This is a tutorial covering how to get SLI (and presumably Crossfire) working with your OpenGL based game!
SLI and Crossfire are technologies of Nvidia and AMD respectively that enable users to cram in multiple GPUs into their computers and have them work in parallel to give (hopefully) almost linear scaling with the number of GPUs. In practice there are some problems, for example driver compatibility problems and micro-stuttering, but there sure are some heavy FPS wins possible. For good performance, the single one thing you have to avoid is data-dependency between frames. Since I have an Nvidia Geforce GTX 295, I can't tell you exactly how to do this with a Crossfire setup, but it should be doable to AMD drivers as well.
Enabling SLI for your game is easy as pie with Nvidia cards and can be done without any third-party programs like Nvidia Inspector.
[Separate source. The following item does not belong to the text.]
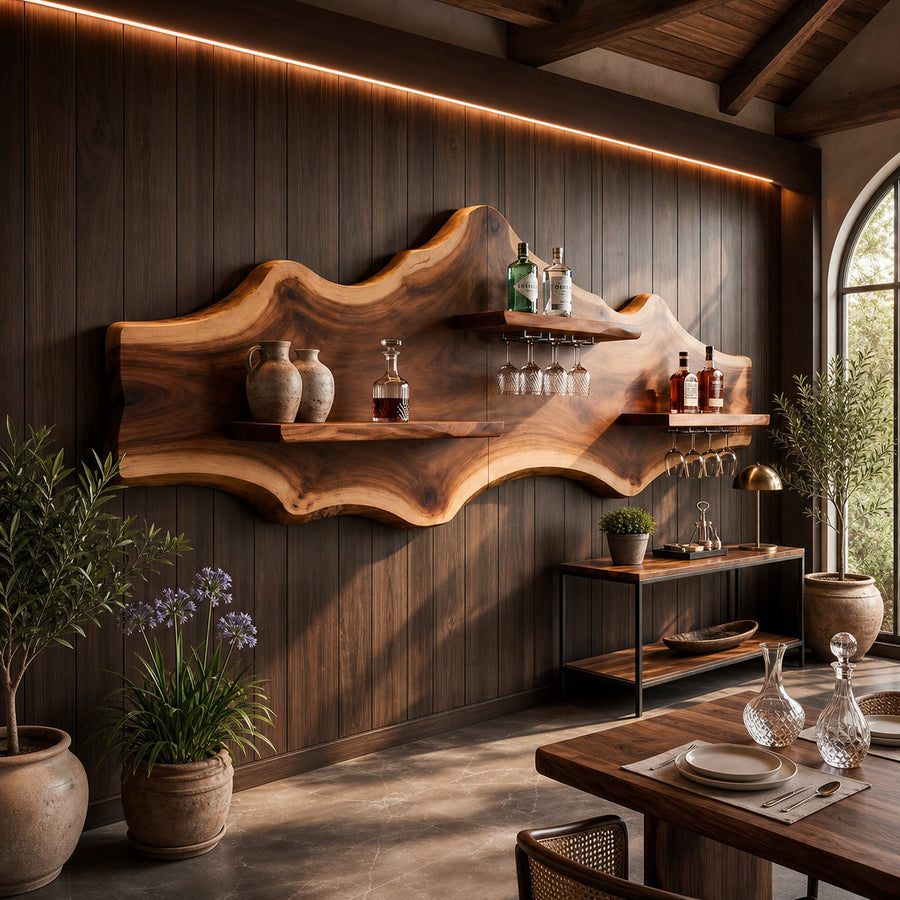 Modern Wall Mounted Wine Rack Shelf For Dining Room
1. Double-click the Nvidia icon on your tray bar to fire up the Nvidia Control Panel.
2. In the left-most panel, go to "Manage 3D settings" (under "3D settings").
Now, do either 3a or 3b:
3a. (the lazy way) In the Global Settings tab, find "SLI performance mode" and set it to "Force alternative frame rendering 2". This will enable SLI for all programs using DirectX or OpenGL, so remember to disable it after you're done!
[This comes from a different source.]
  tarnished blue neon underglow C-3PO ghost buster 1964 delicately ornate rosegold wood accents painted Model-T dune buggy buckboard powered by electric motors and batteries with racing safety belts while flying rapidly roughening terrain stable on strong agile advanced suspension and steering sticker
3b. (the right way) Go to Program Settings and create a profile for java.exe and javaw.exe. Then find "SLI performance mode" and set it to "Force alternative frame rendering 2". This will only enable it for Java programs, but it might still screw up Java2D OpenGL acceleration if you're unlucky...
4. Run your Java program and enjoy much higher frame rates!
For most of you, that'll all you need to do. However, if you're using FBOs for anything (shadow maps, offscreen rendering, whatever) you'll notice that instead of a 90% performance boost, you got a 75% performance penalty!!! Surely there's something fishy going on here.
The problem is that since there's no hand-made SLI profile made for your game by Nvidia, the driver makes assumptions. In our case, bad assumptions. FBOs effectively cause your GPU to generate a texture on its own. Alternative frame rendering (AFR) makes each GPU work on every other frame. Therefore when we finish a frame, all render target textures are synchronized between all GPUs to ensure that they all have the generated textures, and there goes our parallelism. Not only can the GPUs not work in parallel at all, the copying overhead completely kills our frame-rate.
Our savior is an OpenGL extension called ARBInvalidateSubdata! This extension allows you to invalidate the contents of a texture, framebuffer or texture! At the end of the frame, just before we complete a frame and do a buffer swap, we invalidate all textures that we've rendered to that aren't needed in the next frame! That tells the driver that those textures won't need to be synchronized between GPUs, so we get perfect scaling!